System Design: Multi-Region, 50k QPS, p95 < 100 ms
Context
Design an online, read-heavy key-value service (for example, a user profile or feature lookup) used by latency-sensitive applications worldwide. Clients connect from multiple continents. The service must be highly available across multiple regions and maintain low tail latency.

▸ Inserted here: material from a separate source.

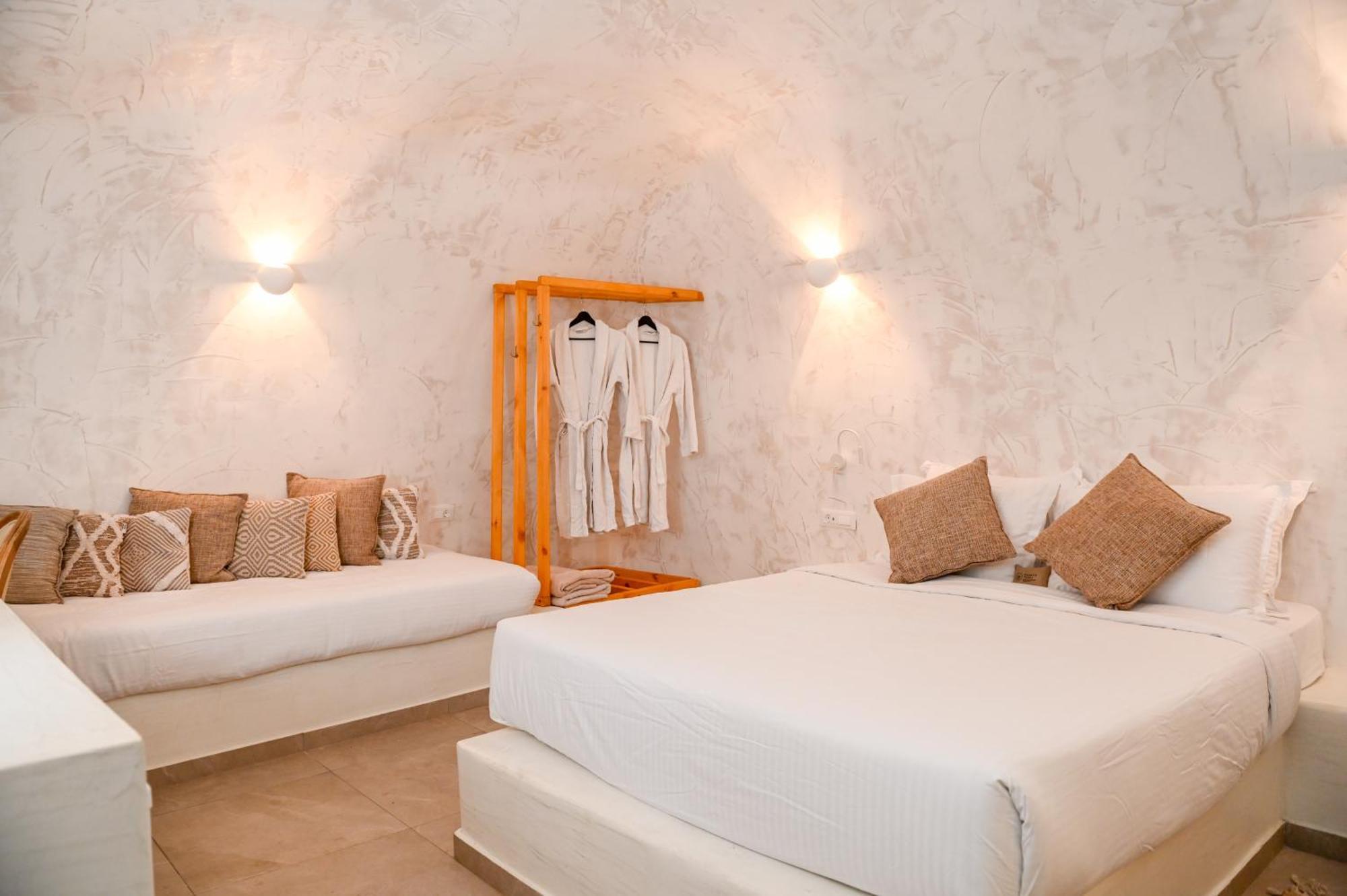 לינה וארוחת בוקר Akrotírion White Curves Santorini מראה חיצוני תמונה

Assume small payloads (1–5 KB), id-based access patterns, and that strong read-after-write consistency is required within a region for a session, but cross-region consistency can be eventual.
Requirements
-
Traffic target: 50k peak QPS (global), p95 latency under 100 ms.
-
Multi-region, active-active, highly available design with zero single-region dependency.
-
Include APIs, data model, caching, consistency, partitioning, failure handling, rollout/canary.
-
Do back-of-the-envelope capacity planning (reads vs writes, growth, peak vs average, instance sizing, egress).
-
Build a performance model to predict end-to-end latency under load (service time breakdown, queueing approximations such as Little’s Law), and identify bottlenecks.
-
Propose concrete mitigations and define SLOs, monitoring, and load-testing to validate the model.
Deliverables
-
API design (CRUD, batch, idempotency, versioning, errors).
-
Storage schema and indexing; partitioning strategy.
-
Caching layers and invalidation strategy.
-
Consistency model (regional and cross-region) and conflict resolution.
-
Failure handling (zone, region, network partitions, thundering herd) and client resiliency.
-
Rollout and canary strategies (schema and code).
-
Capacity planning with numerical estimates: read/write ratio, data growth over 12 months, peak vs average, instance count and size, and network egress.
-
Performance model with queueing approximations; identify bottlenecks.
-
Mitigations (e.g., batching, async, indexes, autoscaling, circuit breaking).
-
SLOs, monitoring, and load-testing plans to validate performance and availability.